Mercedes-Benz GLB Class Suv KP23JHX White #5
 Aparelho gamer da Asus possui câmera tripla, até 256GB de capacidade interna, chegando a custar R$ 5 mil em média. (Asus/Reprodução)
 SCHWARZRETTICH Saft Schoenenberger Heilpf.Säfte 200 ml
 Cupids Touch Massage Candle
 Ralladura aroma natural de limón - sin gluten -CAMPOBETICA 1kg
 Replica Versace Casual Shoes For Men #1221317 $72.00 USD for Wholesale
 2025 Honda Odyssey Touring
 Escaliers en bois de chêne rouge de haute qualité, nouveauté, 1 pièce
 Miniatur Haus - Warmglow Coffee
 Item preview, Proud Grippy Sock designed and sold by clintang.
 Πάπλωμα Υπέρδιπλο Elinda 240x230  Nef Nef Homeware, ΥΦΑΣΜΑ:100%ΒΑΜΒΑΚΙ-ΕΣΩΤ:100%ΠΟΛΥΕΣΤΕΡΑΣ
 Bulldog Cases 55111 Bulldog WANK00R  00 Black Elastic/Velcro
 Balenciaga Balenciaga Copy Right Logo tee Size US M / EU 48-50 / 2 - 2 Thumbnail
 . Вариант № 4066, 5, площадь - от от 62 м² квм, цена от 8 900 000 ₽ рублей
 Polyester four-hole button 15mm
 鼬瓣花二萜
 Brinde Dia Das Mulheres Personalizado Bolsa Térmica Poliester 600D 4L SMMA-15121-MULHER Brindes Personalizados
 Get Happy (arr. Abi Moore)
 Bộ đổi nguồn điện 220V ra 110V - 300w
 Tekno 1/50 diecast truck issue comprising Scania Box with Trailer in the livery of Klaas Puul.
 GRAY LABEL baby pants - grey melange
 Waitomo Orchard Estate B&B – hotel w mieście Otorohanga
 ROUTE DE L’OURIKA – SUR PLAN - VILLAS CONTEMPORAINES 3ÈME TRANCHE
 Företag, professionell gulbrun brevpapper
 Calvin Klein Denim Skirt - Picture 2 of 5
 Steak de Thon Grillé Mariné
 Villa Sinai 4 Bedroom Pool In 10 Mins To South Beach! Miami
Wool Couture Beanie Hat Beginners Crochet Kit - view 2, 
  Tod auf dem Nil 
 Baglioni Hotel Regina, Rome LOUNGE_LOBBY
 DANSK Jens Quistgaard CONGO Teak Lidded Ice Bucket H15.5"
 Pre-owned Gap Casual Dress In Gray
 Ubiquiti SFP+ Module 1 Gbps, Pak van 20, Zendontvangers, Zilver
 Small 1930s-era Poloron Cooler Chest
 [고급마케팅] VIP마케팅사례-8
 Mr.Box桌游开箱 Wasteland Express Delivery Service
▬▬▬▬▬▬▬▬▬▬
**Assignment**:
Every record above must appear again in the answer, unchanged.

**Expected output**:
Mercedes-Benz GLB Class Suv KP23JHX White #5
 Aparelho gamer da Asus possui câmera tripla, até 256GB de capacidade interna, chegando a custar R$ 5 mil em média. (Asus/Reprodução)
 SCHWARZRETTICH Saft Schoenenberger Heilpf.Säfte 200 ml
 Cupids Touch Massage Candle
 Ralladura aroma natural de limón - sin gluten -CAMPOBETICA 1kg
 Replica Versace Casual Shoes For Men #1221317 $72.00 USD for Wholesale
 2025 Honda Odyssey Touring
 Escaliers en bois de chêne rouge de haute qualité, nouveauté, 1 pièce
 Miniatur Haus - Warmglow Coffee
 Item preview, Proud Grippy Sock designed and sold by clintang.
 Πάπλωμα Υπέρδιπλο Elinda 240x230  Nef Nef Homeware, ΥΦΑΣΜΑ:100%ΒΑΜΒΑΚΙ-ΕΣΩΤ:100%ΠΟΛΥΕΣΤΕΡΑΣ
 Bulldog Cases 55111 Bulldog WANK00R  00 Black Elastic/Velcro
 Balenciaga Balenciaga Copy Right Logo tee Size US M / EU 48-50 / 2 - 2 Thumbnail
 . Вариант № 4066, 5, площадь - от от 62 м² квм, цена от 8 900 000 ₽ рублей
 Polyester four-hole button 15mm
 鼬瓣花二萜
 Brinde Dia Das Mulheres Personalizado Bolsa Térmica Poliester 600D 4L SMMA-15121-MULHER Brindes Personalizados
 Get Happy (arr. Abi Moore)
 Bộ đổi nguồn điện 220V ra 110V - 300w
 Tekno 1/50 diecast truck issue comprising Scania Box with Trailer in the livery of Klaas Puul.
 GRAY LABEL baby pants - grey melange
 Waitomo Orchard Estate B&B – hotel w mieście Otorohanga
 ROUTE DE L’OURIKA – SUR PLAN - VILLAS CONTEMPORAINES 3ÈME TRANCHE
 Företag, professionell gulbrun brevpapper
 Calvin Klein Denim Skirt - Picture 2 of 5
 Steak de Thon Grillé Mariné
 Villa Sinai 4 Bedroom Pool In 10 Mins To South Beach! Miami
Wool Couture Beanie Hat Beginners Crochet Kit - view 2, 
  Tod auf dem Nil 
 Baglioni Hotel Regina, Rome LOUNGE_LOBBY
 DANSK Jens Quistgaard CONGO Teak Lidded Ice Bucket H15.5"
 Pre-owned Gap Casual Dress In Gray
 Ubiquiti SFP+ Module 1 Gbps, Pak van 20, Zendontvangers, Zilver
 Small 1930s-era Poloron Cooler Chest
 [고급마케팅] VIP마케팅사례-8
 Mr.Box桌游开箱 Wasteland Express Delivery Service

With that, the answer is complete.